End of benefit of the doubt


It has been hard for me to work up much energy for denouncing Judge John G. Roberts, President Bush's Supreme Court nominee. After all, I knew I was never going to like anyone Bush would be willing to nominate, so it is going to take finding something pretty awful to get me into a proper sweat over this guy.

Actually, I'm almost grateful that Bush didn't go the talking dog route, offering a fascist woman and/or person of color. There's no pleasure in observing the contortions of the viciously ambitious. Or maybe simply crazy.

But the picture above catches what immediately rankled about the guy -- he, and his family, look just like all the smug upper class twits I left behind by choosing to go to college at Berkeley in the sixties instead of one of the Seven Sister colleges.

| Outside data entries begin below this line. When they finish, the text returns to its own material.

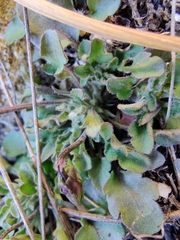 Viola arvensis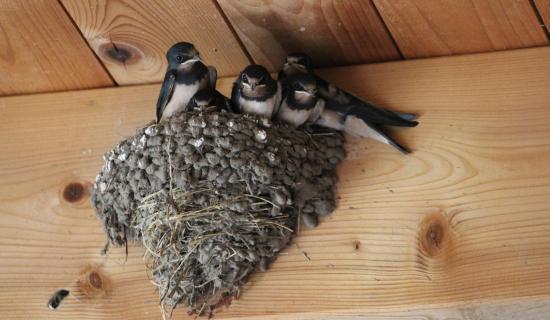 Wild About Wildlife: Swallows mark the turn of the season in Limerick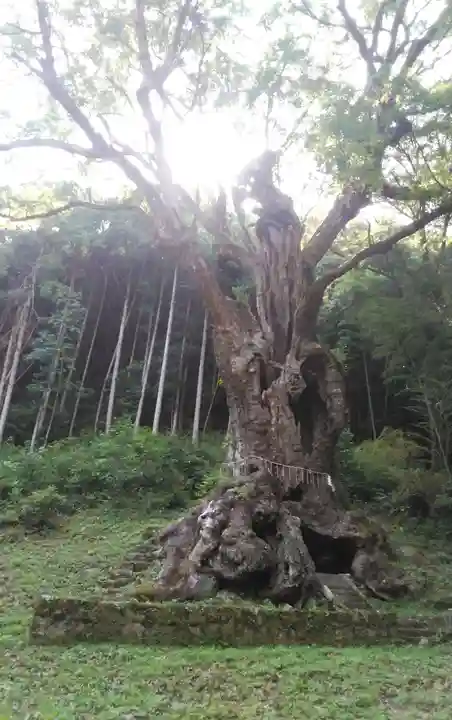 武雄神社の自然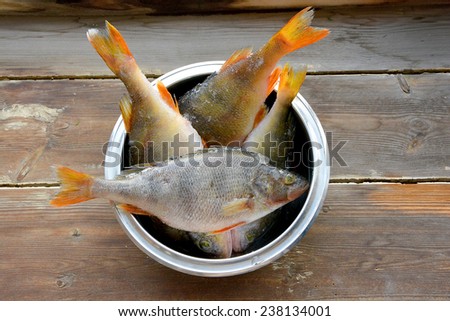 Raw perch fish in a bowl. On wooden background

As Robin Givhan writes in today's Washington Post:

It has been a long time since so much syrupy nostalgia has been in evidence at the White House. But Tuesday night, when President Bush announced his choice for the next associate justice of the Supreme Court, it was hard not to marvel at the 1950s-style tableau vivant that was John Roberts and his family.

Okay, so they flunk looking fashionable or even passably contemporary. Is that a crime? Certainly someone like me who once gleefully accepted the label "frumpy" can't go there.

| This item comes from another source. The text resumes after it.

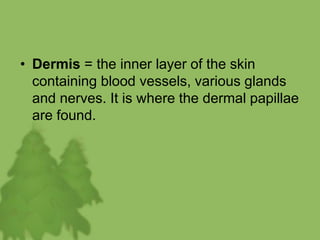 • Dermis = the inner layer of the skin
containing blood vessels, various glands
and nerves. It is where the dermal papillae
are found.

But today, buried in the last paragraph of a New York Times roundup of Robert's judicial opinions, came this:

. . . he was impatient that same year with Thomas Penfield Jackson, a trial judge who ignored sentencing guidelines in determining that Darin M. Tucker deserved probation rather than imprisonment for possessing cocaine. Judge Jackson declared that he was "not going to be an instrument of injustice."

That was unacceptable, Judge Roberts wrote. "To the extent the district court based the departure on its belief that the sentence was unjust," he wrote, "it relied on a factor that is clearly impermissible under the guidelines."

If it is good law to enforce what is unjust, law loses any claim to morality; without a moral claim on society, law is simply superior force. This is a view that can only be held by someone smugly confident that he has the guns and will continue to wield them indefinitely -- a 1950s US upper class white boy perhaps?

2 comments:

Darin T said...

A man i really appreciate that article you wrote. My name is Darin Tucker and boy did i get the benefit of the doubt! I am very grateful for having done so as i have gone on to lead a very productive life as a computer technician in DC and haven't so much as jaywalked since being arrested in 2002. Well maybe jaywalked. Anyway, judges should be allowed to judge as judge Jackson did. For all cases are not alike and some people can be rehabilitated, i'm living proof of it.

Darin said...

this is Darin Tucker again, and to all who were praying on my downfall, you'll have to wait some more. and to those who have been praying for my success, its working!!! keep praying!!! its been over 7 years since i was initially arrested and almost 3 years since i last posted on this site. while that is not a long time, surely its long enough for me to have picked up and sold some more drugs, my occupation of 15 years. its not worth it. i have a 18 year old son who is on his way to college instead of jail quite possibly because of my decision to be there in person and not in jail. i've learned you affect everybody who loves you by the careless decisions you make. i'm still fixing computers for a living in dc. 3 beautiful kids and a beautiful granddaughter. life is good!